But before Royce and Dex can pull off their big heist, Matty OD's on the drugs and appears to have expired. So the guys take her to a drive-in theater where they used to work for a creepy guy named Abel (Greg Bryk) and plan to bury her in the basement below the concession stand. Until, that is, Abel shows up with some fellow Satan worshippers to perform a human sacrifice.

Royce and Dex witness the grisly act, so Abel and the others chase them with murder in their eyes for the rest of the movie. Oh yeah, and Matty isn't really dead--she springs back to life after the blood ritual and Abel thinks Satan's responsible for her resurrection, so he's intent on capturing her and using her enchanted blood to heal icicle-head, who unintentionally got him into Satanism in the first place by giving him a book on the subject.

If you haven't already guessed, this movie tends to go off in all sorts of unexpected directions. One of the comedy highlights is when Royce and Dex actually attempt to enter Jason Taylor's mansion and make off with the safe. It's kind of like watching Laurel and Hardy trying to do the same thing if they were a lot dumber and totally wasted.

Later the boys break into a mall to get away from Abel and are attacked by a midget security guard named Martin (HOWARD THE DUCK's Jordan Prentice). When Martin is later worked over by Abel and his vicious girlfriend Treena (Maggie Castle), he assembles his fellow members of a medieval battle reenactment group in full chain-mail regalia and the heavily-armed midget commandos bring their wrath down upon the hapless Satanists.

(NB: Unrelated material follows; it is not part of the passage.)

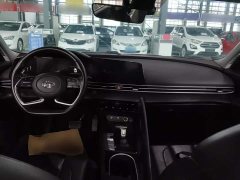 Hyundai Elantra 1.5L CVT Luxury - ფოტო 10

With all of this wacky stuff going on, it's nice that Royce and Dex are such interesting characters. Frighteningly enough, Royce is the idea man--among other brilliant concepts, he's come up with a sprayable mayonaisse called Sprayonaisse and a combination of tea and nicotine called Cigatea. Wes Bentley plays the character more or less straight, which makes him funnier, and reminded me at times of a young Eric Roberts, which is a good thing. Everything that happens around Royce takes awhile to sink in--he's about a minute behind reality, with no chance of ever catching up, and he's probably the funniest thing about WEIRDSVILLE.

Scott Speedman's Dex, the quiet, introspective half of the team, also has a streak of realism that cuts through the funny. Dex wants to kick drugs and be more of a normal human being instead of a comedy character, which is hard to do around the terminally flaky Royce. There's a scene with Dex sitting in bed beside Matty as she recovers from her brush with death, and their conversation about life, death, and spirituality would fit comfortably in a straight-faced character study instead of this basically silly farce. The fact that these serious elements blend right into the rest of the movie makes the whole thing a more substantial and ultimately more satisfying experience.

That's not to say Willem Wennekers' screenplay has any pesky pretensions, though. There are few things as wonderfully goofy as seeing a spaced-out Matt Frewer wandering down main street with an icicle sticking out of his head, or a gang of screaming, armor-clad midgets attacking a carload of terrified Satanists with medieval weapons. Although Allan (PUMP UP THE VOLUME, EMPIRE RECORDS) Moyle's comedy direction could've been just a tad snappier here and there, he keeps things zipping along nicely and manages to make much of the film look really good. The photography is rich and some of the imagery, especially that which takes advantage of the icy, wintry setting, is beautiful.

While UP IN SMOKE was mainly a live-action cartoon about the joys of getting off, WEIRDSVILLE lets us laugh at three drug-addled screwups--Royce, Dex, and Matty--who are both hilarious and pathetic, and somehow endearingly sympathetic. Their adventures during the course of one crisis-filled night make for a very entertaining movie that somehow isn't nearly as lightweight as most of its kind. One thing--stick around until the end of the closing credits, and you'll actually get to see, God help us, a commercial for Cigatea.